#### What you have to do:
Go through the records below and write each one out again unchanged.

--- Extracted records Enclosed Below ---

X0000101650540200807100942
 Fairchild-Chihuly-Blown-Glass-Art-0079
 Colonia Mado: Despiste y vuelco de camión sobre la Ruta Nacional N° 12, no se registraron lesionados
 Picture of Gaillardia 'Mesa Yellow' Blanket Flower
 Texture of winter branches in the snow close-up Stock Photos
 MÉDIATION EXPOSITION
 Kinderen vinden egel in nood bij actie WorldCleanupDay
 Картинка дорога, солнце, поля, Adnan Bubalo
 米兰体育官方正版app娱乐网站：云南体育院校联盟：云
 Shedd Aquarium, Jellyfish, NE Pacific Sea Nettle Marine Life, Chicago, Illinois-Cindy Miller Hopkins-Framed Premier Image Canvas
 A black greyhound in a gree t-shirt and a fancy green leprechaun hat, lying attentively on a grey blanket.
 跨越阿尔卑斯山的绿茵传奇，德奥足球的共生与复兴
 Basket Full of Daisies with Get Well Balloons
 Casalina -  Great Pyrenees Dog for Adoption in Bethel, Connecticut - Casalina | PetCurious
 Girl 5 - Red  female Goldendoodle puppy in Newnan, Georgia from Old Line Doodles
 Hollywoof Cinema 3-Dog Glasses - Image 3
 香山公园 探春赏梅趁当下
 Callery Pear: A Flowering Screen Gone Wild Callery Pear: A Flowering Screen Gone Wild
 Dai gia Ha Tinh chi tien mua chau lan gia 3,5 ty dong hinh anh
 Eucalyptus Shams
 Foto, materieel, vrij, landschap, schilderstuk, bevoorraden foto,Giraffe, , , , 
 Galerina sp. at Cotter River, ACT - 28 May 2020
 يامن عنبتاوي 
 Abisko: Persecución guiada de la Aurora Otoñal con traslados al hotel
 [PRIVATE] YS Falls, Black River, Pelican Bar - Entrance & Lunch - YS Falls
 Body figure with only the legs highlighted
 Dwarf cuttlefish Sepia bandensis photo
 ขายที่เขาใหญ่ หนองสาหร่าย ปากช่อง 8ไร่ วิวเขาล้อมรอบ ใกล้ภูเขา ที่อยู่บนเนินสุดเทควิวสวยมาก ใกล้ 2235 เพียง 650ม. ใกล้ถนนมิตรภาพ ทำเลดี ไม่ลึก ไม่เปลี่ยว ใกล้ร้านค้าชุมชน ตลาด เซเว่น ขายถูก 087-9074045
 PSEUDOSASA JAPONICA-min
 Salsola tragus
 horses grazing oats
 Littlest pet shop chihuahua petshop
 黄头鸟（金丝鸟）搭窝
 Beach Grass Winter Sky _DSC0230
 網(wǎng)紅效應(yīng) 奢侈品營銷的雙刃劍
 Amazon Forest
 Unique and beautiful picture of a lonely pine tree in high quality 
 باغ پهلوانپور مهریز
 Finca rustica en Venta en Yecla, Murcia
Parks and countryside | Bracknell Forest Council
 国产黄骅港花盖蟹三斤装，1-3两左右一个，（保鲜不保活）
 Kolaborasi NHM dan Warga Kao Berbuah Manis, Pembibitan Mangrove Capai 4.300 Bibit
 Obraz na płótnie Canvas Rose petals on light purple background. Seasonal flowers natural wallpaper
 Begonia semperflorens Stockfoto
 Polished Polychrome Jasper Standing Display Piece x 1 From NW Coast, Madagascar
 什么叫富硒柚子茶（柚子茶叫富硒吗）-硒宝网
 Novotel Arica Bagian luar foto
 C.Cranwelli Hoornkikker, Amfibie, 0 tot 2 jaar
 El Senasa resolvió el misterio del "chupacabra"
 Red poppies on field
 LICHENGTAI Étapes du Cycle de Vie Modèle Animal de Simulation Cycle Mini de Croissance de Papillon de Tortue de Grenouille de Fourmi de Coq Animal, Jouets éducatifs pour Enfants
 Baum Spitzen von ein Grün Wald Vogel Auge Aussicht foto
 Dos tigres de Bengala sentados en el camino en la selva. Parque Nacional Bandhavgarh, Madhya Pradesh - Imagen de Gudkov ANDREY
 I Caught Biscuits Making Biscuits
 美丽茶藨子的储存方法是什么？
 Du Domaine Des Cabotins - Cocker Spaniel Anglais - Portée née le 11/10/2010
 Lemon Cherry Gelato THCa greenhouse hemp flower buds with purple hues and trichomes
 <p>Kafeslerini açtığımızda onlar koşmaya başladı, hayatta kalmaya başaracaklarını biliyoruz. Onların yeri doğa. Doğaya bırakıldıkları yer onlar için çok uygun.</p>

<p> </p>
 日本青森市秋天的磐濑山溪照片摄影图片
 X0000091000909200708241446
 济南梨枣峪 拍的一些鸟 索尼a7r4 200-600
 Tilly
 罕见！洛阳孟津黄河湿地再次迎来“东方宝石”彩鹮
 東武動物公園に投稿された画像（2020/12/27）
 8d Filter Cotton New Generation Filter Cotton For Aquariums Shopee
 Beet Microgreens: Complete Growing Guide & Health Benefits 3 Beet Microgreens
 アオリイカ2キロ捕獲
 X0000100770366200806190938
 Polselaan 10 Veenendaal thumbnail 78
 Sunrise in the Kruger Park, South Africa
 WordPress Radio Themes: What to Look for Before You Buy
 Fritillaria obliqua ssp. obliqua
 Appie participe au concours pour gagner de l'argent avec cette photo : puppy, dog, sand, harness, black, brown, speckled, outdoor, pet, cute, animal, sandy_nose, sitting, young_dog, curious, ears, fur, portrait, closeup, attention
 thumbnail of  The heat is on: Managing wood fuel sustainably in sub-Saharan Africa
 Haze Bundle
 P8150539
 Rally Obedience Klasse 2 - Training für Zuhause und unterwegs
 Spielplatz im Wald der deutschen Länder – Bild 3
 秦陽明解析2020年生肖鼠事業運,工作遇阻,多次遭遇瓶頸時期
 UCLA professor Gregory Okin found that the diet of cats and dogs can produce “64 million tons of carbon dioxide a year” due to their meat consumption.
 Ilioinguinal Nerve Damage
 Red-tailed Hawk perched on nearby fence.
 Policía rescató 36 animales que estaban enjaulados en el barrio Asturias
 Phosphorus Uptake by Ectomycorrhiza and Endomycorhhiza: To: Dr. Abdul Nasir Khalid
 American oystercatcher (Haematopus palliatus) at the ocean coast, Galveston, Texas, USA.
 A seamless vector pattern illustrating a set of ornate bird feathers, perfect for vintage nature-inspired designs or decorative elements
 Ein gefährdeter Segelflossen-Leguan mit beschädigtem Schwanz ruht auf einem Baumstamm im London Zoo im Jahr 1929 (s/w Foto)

--- End of Enclosed Extracted records ---

#### Expected output:
X0000101650540200807100942
 Fairchild-Chihuly-Blown-Glass-Art-0079
 Colonia Mado: Despiste y vuelco de camión sobre la Ruta Nacional N° 12, no se registraron lesionados
 Picture of Gaillardia 'Mesa Yellow' Blanket Flower
 Texture of winter branches in the snow close-up Stock Photos
 MÉDIATION EXPOSITION
 Kinderen vinden egel in nood bij actie WorldCleanupDay
 Картинка дорога, солнце, поля, Adnan Bubalo
 米兰体育官方正版app娱乐网站：云南体育院校联盟：云
 Shedd Aquarium, Jellyfish, NE Pacific Sea Nettle Marine Life, Chicago, Illinois-Cindy Miller Hopkins-Framed Premier Image Canvas
 A black greyhound in a gree t-shirt and a fancy green leprechaun hat, lying attentively on a grey blanket.
 跨越阿尔卑斯山的绿茵传奇，德奥足球的共生与复兴
 Basket Full of Daisies with Get Well Balloons
 Casalina -  Great Pyrenees Dog for Adoption in Bethel, Connecticut - Casalina | PetCurious
 Girl 5 - Red  female Goldendoodle puppy in Newnan, Georgia from Old Line Doodles
 Hollywoof Cinema 3-Dog Glasses - Image 3
 香山公园 探春赏梅趁当下
 Callery Pear: A Flowering Screen Gone Wild Callery Pear: A Flowering Screen Gone Wild
 Dai gia Ha Tinh chi tien mua chau lan gia 3,5 ty dong hinh anh
 Eucalyptus Shams
 Foto, materieel, vrij, landschap, schilderstuk, bevoorraden foto,Giraffe, , , , 
 Galerina sp. at Cotter River, ACT - 28 May 2020
 يامن عنبتاوي 
 Abisko: Persecución guiada de la Aurora Otoñal con traslados al hotel
 [PRIVATE] YS Falls, Black River, Pelican Bar - Entrance & Lunch - YS Falls
 Body figure with only the legs highlighted
 Dwarf cuttlefish Sepia bandensis photo
 ขายที่เขาใหญ่ หนองสาหร่าย ปากช่อง 8ไร่ วิวเขาล้อมรอบ ใกล้ภูเขา ที่อยู่บนเนินสุดเทควิวสวยมาก ใกล้ 2235 เพียง 650ม. ใกล้ถนนมิตรภาพ ทำเลดี ไม่ลึก ไม่เปลี่ยว ใกล้ร้านค้าชุมชน ตลาด เซเว่น ขายถูก 087-9074045
 PSEUDOSASA JAPONICA-min
 Salsola tragus
 horses grazing oats
 Littlest pet shop chihuahua petshop
 黄头鸟（金丝鸟）搭窝
 Beach Grass Winter Sky _DSC0230
 網(wǎng)紅效應(yīng) 奢侈品營銷的雙刃劍
 Amazon Forest
 Unique and beautiful picture of a lonely pine tree in high quality 
 باغ پهلوانپور مهریز
 Finca rustica en Venta en Yecla, Murcia
Parks and countryside | Bracknell Forest Council
 国产黄骅港花盖蟹三斤装，1-3两左右一个，（保鲜不保活）
 Kolaborasi NHM dan Warga Kao Berbuah Manis, Pembibitan Mangrove Capai 4.300 Bibit
 Obraz na płótnie Canvas Rose petals on light purple background. Seasonal flowers natural wallpaper
 Begonia semperflorens Stockfoto
 Polished Polychrome Jasper Standing Display Piece x 1 From NW Coast, Madagascar
 什么叫富硒柚子茶（柚子茶叫富硒吗）-硒宝网
 Novotel Arica Bagian luar foto
 C.Cranwelli Hoornkikker, Amfibie, 0 tot 2 jaar
 El Senasa resolvió el misterio del "chupacabra"
 Red poppies on field
 LICHENGTAI Étapes du Cycle de Vie Modèle Animal de Simulation Cycle Mini de Croissance de Papillon de Tortue de Grenouille de Fourmi de Coq Animal, Jouets éducatifs pour Enfants
 Baum Spitzen von ein Grün Wald Vogel Auge Aussicht foto
 Dos tigres de Bengala sentados en el camino en la selva. Parque Nacional Bandhavgarh, Madhya Pradesh - Imagen de Gudkov ANDREY
 I Caught Biscuits Making Biscuits
 美丽茶藨子的储存方法是什么？
 Du Domaine Des Cabotins - Cocker Spaniel Anglais - Portée née le 11/10/2010
 Lemon Cherry Gelato THCa greenhouse hemp flower buds with purple hues and trichomes
 <p>Kafeslerini açtığımızda onlar koşmaya başladı, hayatta kalmaya başaracaklarını biliyoruz. Onların yeri doğa. Doğaya bırakıldıkları yer onlar için çok uygun.</p>

<p> </p>
 日本青森市秋天的磐濑山溪照片摄影图片
 X0000091000909200708241446
 济南梨枣峪 拍的一些鸟 索尼a7r4 200-600
 Tilly
 罕见！洛阳孟津黄河湿地再次迎来“东方宝石”彩鹮
 東武動物公園に投稿された画像（2020/12/27）
 8d Filter Cotton New Generation Filter Cotton For Aquariums Shopee
 Beet Microgreens: Complete Growing Guide & Health Benefits 3 Beet Microgreens
 アオリイカ2キロ捕獲
 X0000100770366200806190938
 Polselaan 10 Veenendaal thumbnail 78
 Sunrise in the Kruger Park, South Africa
 WordPress Radio Themes: What to Look for Before You Buy
 Fritillaria obliqua ssp. obliqua
 Appie participe au concours pour gagner de l'argent avec cette photo : puppy, dog, sand, harness, black, brown, speckled, outdoor, pet, cute, animal, sandy_nose, sitting, young_dog, curious, ears, fur, portrait, closeup, attention
 thumbnail of  The heat is on: Managing wood fuel sustainably in sub-Saharan Africa
 Haze Bundle
 P8150539
 Rally Obedience Klasse 2 - Training für Zuhause und unterwegs
 Spielplatz im Wald der deutschen Länder – Bild 3
 秦陽明解析2020年生肖鼠事業運,工作遇阻,多次遭遇瓶頸時期
 UCLA professor Gregory Okin found that the diet of cats and dogs can produce “64 million tons of carbon dioxide a year” due to their meat consumption.
 Ilioinguinal Nerve Damage
 Red-tailed Hawk perched on nearby fence.
 Policía rescató 36 animales que estaban enjaulados en el barrio Asturias
 Phosphorus Uptake by Ectomycorrhiza and Endomycorhhiza: To: Dr. Abdul Nasir Khalid
 American oystercatcher (Haematopus palliatus) at the ocean coast, Galveston, Texas, USA.
 A seamless vector pattern illustrating a set of ornate bird feathers, perfect for vintage nature-inspired designs or decorative elements
 Ein gefährdeter Segelflossen-Leguan mit beschädigtem Schwanz ruht auf einem Baumstamm im London Zoo im Jahr 1929 (s/w Foto)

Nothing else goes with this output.